[Short text fragments from websites]
..........

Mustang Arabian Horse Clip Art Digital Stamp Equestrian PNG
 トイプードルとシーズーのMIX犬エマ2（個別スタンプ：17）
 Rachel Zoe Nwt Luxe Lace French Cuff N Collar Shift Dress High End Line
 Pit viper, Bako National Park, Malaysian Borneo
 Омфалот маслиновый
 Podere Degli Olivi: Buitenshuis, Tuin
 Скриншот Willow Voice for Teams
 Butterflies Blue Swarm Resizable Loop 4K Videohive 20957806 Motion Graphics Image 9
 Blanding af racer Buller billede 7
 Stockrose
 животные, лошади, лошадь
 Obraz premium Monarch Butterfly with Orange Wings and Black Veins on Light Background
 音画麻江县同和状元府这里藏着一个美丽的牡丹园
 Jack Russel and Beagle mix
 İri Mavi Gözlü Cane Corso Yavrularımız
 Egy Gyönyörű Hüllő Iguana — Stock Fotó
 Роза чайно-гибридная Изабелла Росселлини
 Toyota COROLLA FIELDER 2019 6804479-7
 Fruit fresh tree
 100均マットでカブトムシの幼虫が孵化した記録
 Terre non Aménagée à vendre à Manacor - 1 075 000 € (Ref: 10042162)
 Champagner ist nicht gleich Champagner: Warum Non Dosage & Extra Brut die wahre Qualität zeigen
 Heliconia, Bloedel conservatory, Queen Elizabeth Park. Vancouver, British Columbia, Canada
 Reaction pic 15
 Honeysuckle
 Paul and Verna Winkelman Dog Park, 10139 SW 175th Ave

..........

Description of the task:
Your task is to output the full set of records exactly as presented.

Answer to this problem:
Mustang Arabian Horse Clip Art Digital Stamp Equestrian PNG
 トイプードルとシーズーのMIX犬エマ2（個別スタンプ：17）
 Rachel Zoe Nwt Luxe Lace French Cuff N Collar Shift Dress High End Line
 Pit viper, Bako National Park, Malaysian Borneo
 Омфалот маслиновый
 Podere Degli Olivi: Buitenshuis, Tuin
 Скриншот Willow Voice for Teams
 Butterflies Blue Swarm Resizable Loop 4K Videohive 20957806 Motion Graphics Image 9
 Blanding af racer Buller billede 7
 Stockrose
 животные, лошади, лошадь
 Obraz premium Monarch Butterfly with Orange Wings and Black Veins on Light Background
 音画麻江县同和状元府这里藏着一个美丽的牡丹园
 Jack Russel and Beagle mix
 İri Mavi Gözlü Cane Corso Yavrularımız
 Egy Gyönyörű Hüllő Iguana — Stock Fotó
 Роза чайно-гибридная Изабелла Росселлини
 Toyota COROLLA FIELDER 2019 6804479-7
 Fruit fresh tree
 100均マットでカブトムシの幼虫が孵化した記録
 Terre non Aménagée à vendre à Manacor - 1 075 000 € (Ref: 10042162)
 Champagner ist nicht gleich Champagner: Warum Non Dosage & Extra Brut die wahre Qualität zeigen
 Heliconia, Bloedel conservatory, Queen Elizabeth Park. Vancouver, British Columbia, Canada
 Reaction pic 15
 Honeysuckle
 Paul and Verna Winkelman Dog Park, 10139 SW 175th Ave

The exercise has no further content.